I have nothing personal against him, but I know what I see. If you read through the entire thread, you can piece most of it together. I may make a few assumptions, but I am almost 100% positive that I know what the score is here. This guy is more cold and calculating than he'll admit. That's the vibe I get.

I think we agree on things in most cases, but clearly we see this situation in different ways.


----------



## alte Dame

Plan 9 from OS said:


> This guy is more cold and calculating than he'll admit. That's the vibe I get.


I think he wants to be cold and calculating. He can't really be, though, and that is the big problem for him, in my opinion.

This thread is almost Shakespearean to me. The W didn't just emasculate her H with an affair. She actually came out with the words that would destroy him. So he sets out to rebuild himself. He needs to show strength, so he proves with countless other women that she is wrong; he divorces her and moves on.

He's done all that he thinks he can do to repair his ego and life, but there's one big problem - He still loves her.

He has balanced the ego scale and now wants to understand whether he can risk his heart again.

Nothing in any of this sounds easy. How can anyone really advise? Shakespeare would have ramped up the drama for the stage, but the message would have been the same, which is that everyday people have tragedy in their lives that they can't really understand or cope with.

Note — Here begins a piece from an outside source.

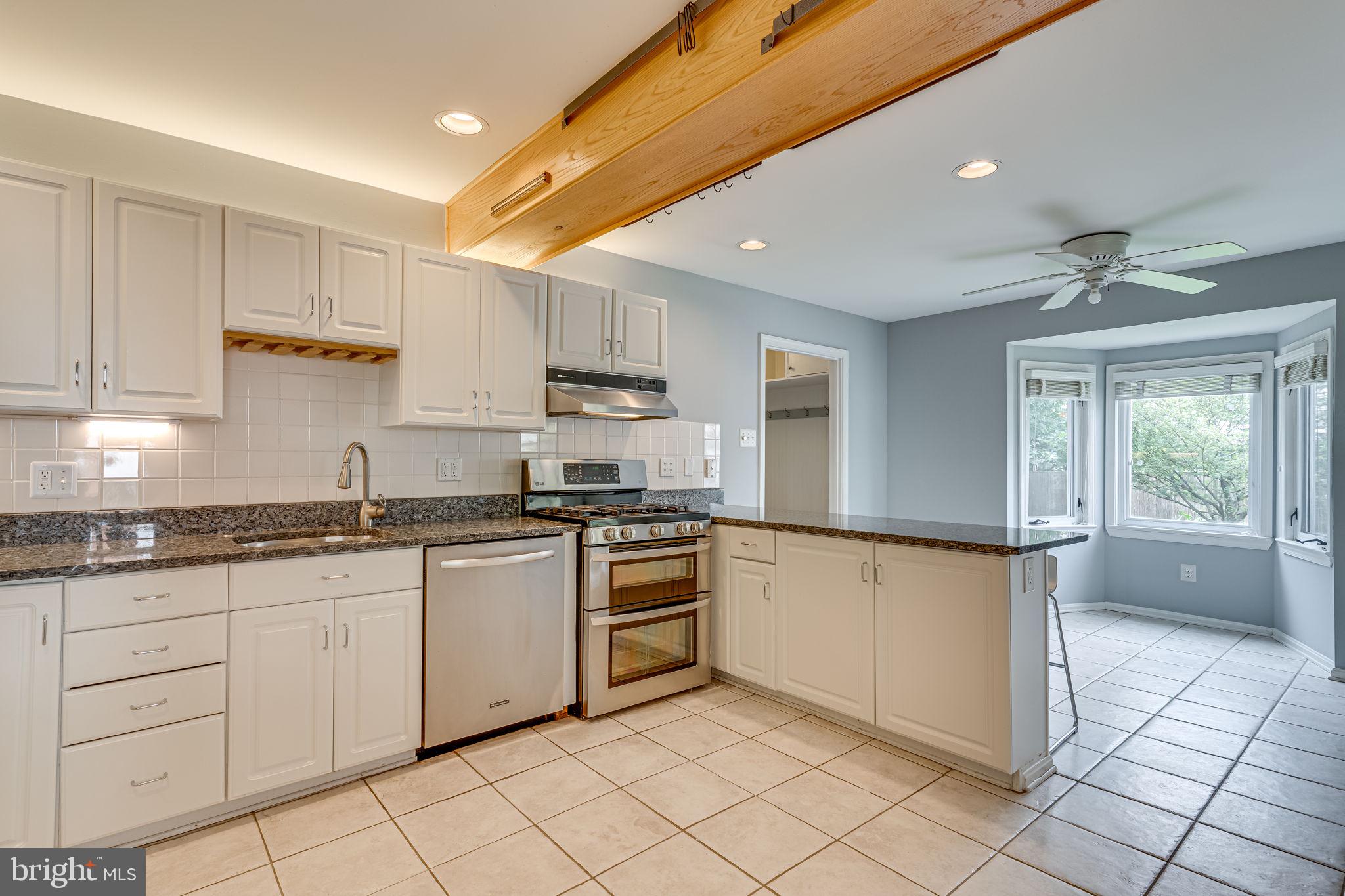 HILLWOOD - Residential Lease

I think Rookie is starting to believe that his W is sincere & doesn't want to throw away his chance of love with her because of his ego. It's impossible to really know if his W has changed, so he agonizes. My feeling is that he will choose to try again & that his W will not herself agonize over the dozens of other women (this, of course, doesn't begin to address the feelings of the other women, which is itself an issue for OP....).


----------



## CH

So did Rookie finally get the answer he needed to his question?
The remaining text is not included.